Replication Lag (Seconds_Behind_Source), MySQL

Card class: Hero • Category: Replication

At a glance

Replication Lag (Seconds_Behind_Source) is how far, in seconds, a replica is behind the source it copies from. Zero means the replica is caught up; a rising number means writes on the source are not yet visible on the replica. Lag is the number that decides whether your read replicas are safe to read from and whether a failover would lose data. A replica 30 seconds behind serves stale catalogue, stale inventory, and stale order state, which is how customers see “out of stock” on something they just bought, or an order that “does not exist yet”.


What it tracks	The `Seconds_Behind_Source` value reported by the replica (the field was `Seconds_Behind_Master` before MySQL 8.0.22). It estimates the delay between an event being written on the source and applied on this replica.
Data source	`SHOW REPLICA STATUS` on each replica, or the equivalent `performance_schema.replication_applier_status_by_worker` and `replication_connection_status` tables. The engine reads the worst (highest) lag across all attached replicas for the headline.
Time window	`RT` (real-time, sampled every refresh).
Alert trigger	`> 10s`. When any replica’s `Seconds_Behind_Source` exceeds 10 seconds the card turns red and a Nerve Centre alert is raised.
Why it matters	Stale reads cause user-visible wrong data; deep lag means a failover would promote a replica that is missing the most recent transactions, which is data loss. Lag is both a correctness and a durability signal.
Reading the value	Read lag next to Replication Thread Health. Lag that is high but stable is a throughput problem; lag that is `NULL` means a thread has stopped, which is worse than any number.
Sentiment key	`mysql_replication_lag_seconds`
Roles	owner, engineering, operations

Calculation

The card surfaces Seconds_Behind_Source directly from each replica’s status, then reports the maximum across the topology so a single lagging node cannot hide behind healthy ones.

For each replica:
  status = SHOW REPLICA STATUS
  lag    = status.Seconds_Behind_Source

headline = MAX(lag across all replicas)

It is important to understand what Seconds_Behind_Source actually measures. It is the difference between the timestamp of the event the SQL (applier) thread is currently executing and the replica’s clock. This has two well-known quirks the engine accounts for:

It only reflects the applier thread. If the IO (receiver) thread has stopped but the applier is still chewing through its relay log, the replica can briefly report a small, falling number while in reality it has stopped receiving new data. That is why this card is always read with Replication Thread Health.
NULL is not zero. When a replication thread is stopped, Seconds_Behind_Source reports NULL, not a large number. The engine treats NULL as “lag unknown / threads not running” and escalates rather than rendering it as caught up.

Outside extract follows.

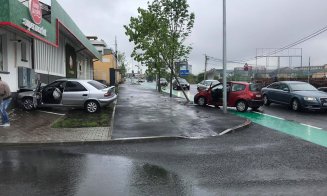 Primele "zgârieturi" pe noua Bună Ziua. Două mașini șifonate și un copac rupt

For multi-threaded replicas the engine prefers the Performance Schema applier tables, which give a more accurate per-worker view than the single legacy field.

Worked example

A platform team runs one MySQL 8.0 source and two read replicas: replica-a serves the catalogue API, replica-b serves analytics. Snapshot taken on 22 Apr 26 at 09:40 BST after a bulk price-update job.

Node	Seconds_Behind_Source	IO thread	SQL thread	Reading
replica-a	47 s	Yes	Yes	Lagging badly; serving stale catalogue.
replica-b	2 s	Yes	Yes	Healthy.

The headline reports 47s (the worst replica) with a red border, and a Nerve Centre alert fires. The team works the problem:

Both threads are running, so this is throughput, not breakage. Replication Thread Health is green. The replica is receiving and applying, just not fast enough to keep up with the source’s write rate.
The trigger is the bulk price-update job. A single large transaction updating 400,000 catalogue rows landed on the source in seconds, but replica-a applies it serially and is now behind. replica-b lags less because it is on faster storage.
The customer-visible risk is the catalogue. Because replica-a backs the catalogue API, shoppers may see the pre-update prices for up to 47 seconds. The team temporarily routes catalogue reads to the source until lag clears, then routes them back.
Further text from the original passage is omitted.